──────── Source material

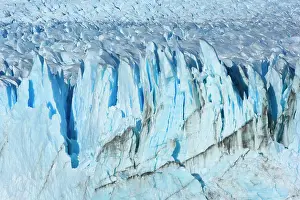 Moreno: Perito Moreno Glacier - blue ice at the face of glacier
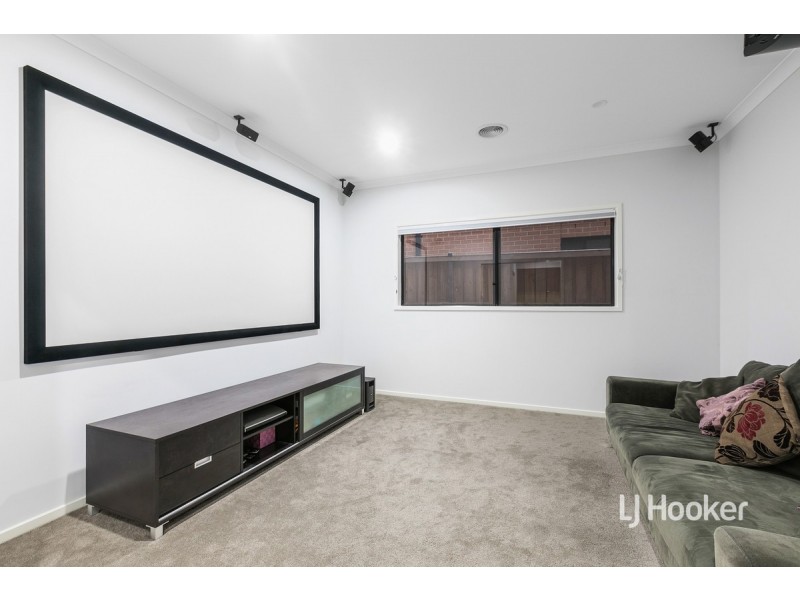 152 Waterhaven Boulevard, Point Cook VIC 3030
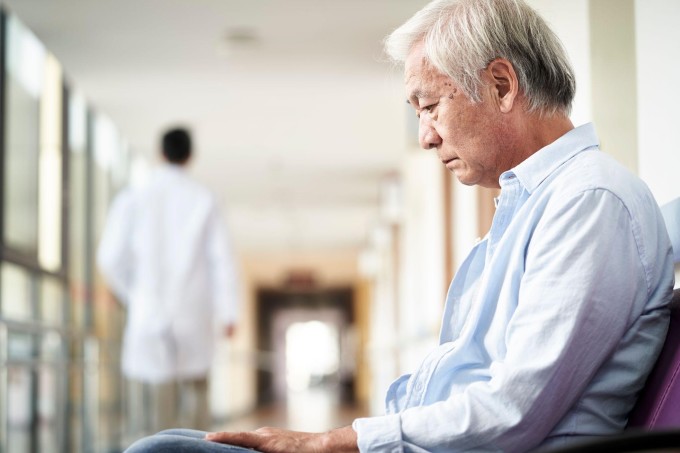 Bệnh Alzheimer không phải là sự lão hóa thông thường mà một chứng bệnh khiến nhiều phần não dần dần bị teo đi. Ảnh: Shutterstock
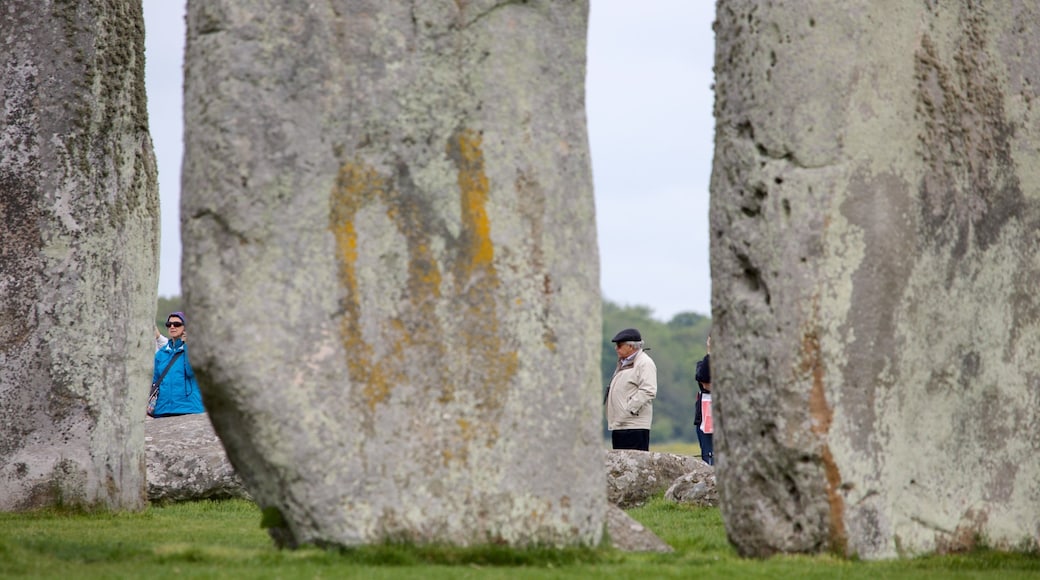 Stonehenge mettant en vedette édifice en ruine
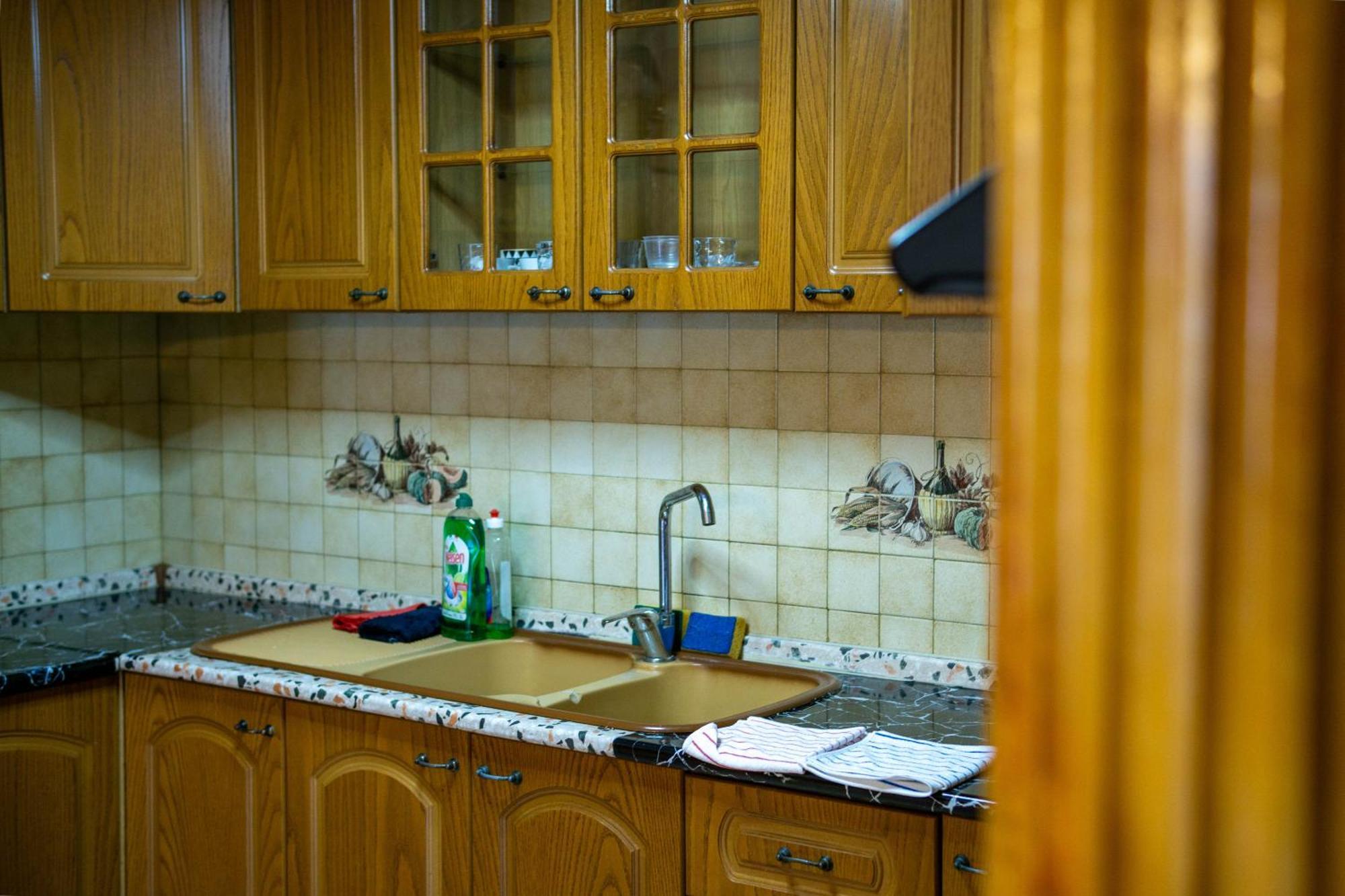 טיראנה Bllok Bright Private Bedrooms With Private Bathroom On Shared Apartment מראה חיצוני תמונה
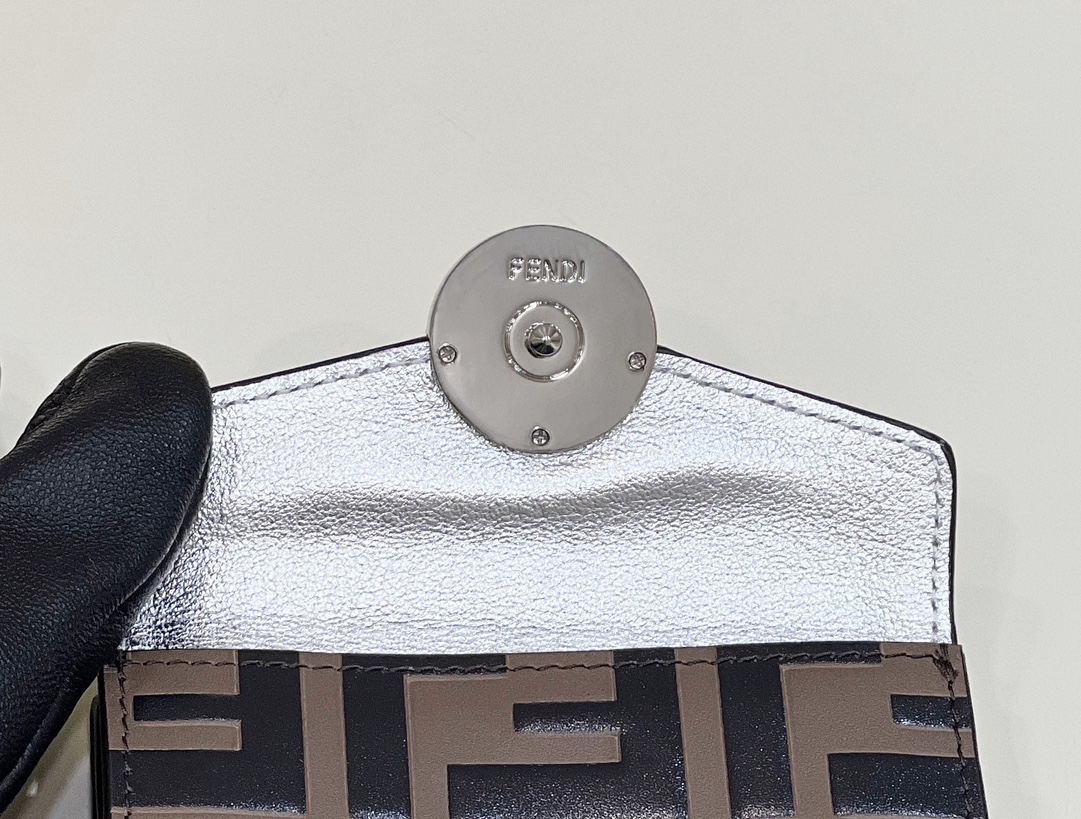 Bagsaaa F**di Brown Zucca Wallet Silver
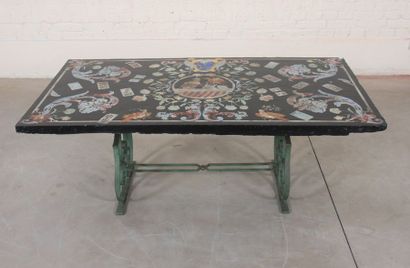Scaillole italienne Rare table basse à plateau rectangulaire, Scaillole, représentant...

────────────────

• Required work
Retype each record exactly as it appears above and drop the images.

• Solution below
 Moreno: Perito Moreno Glacier - blue ice at the face of glacier
 152 Waterhaven Boulevard, Point Cook VIC 3030
 Bệnh Alzheimer không phải là sự lão hóa thông thường mà một chứng bệnh khiến nhiều phần não dần dần bị teo đi. Ảnh: Shutterstock
 Stonehenge mettant en vedette édifice en ruine
 טיראנה Bllok Bright Private Bedrooms With Private Bathroom On Shared Apartment מראה חיצוני תמונה
 Bagsaaa F**di Brown Zucca Wallet Silver
Scaillole italienne Rare table basse à plateau rectangulaire, Scaillole, représentant...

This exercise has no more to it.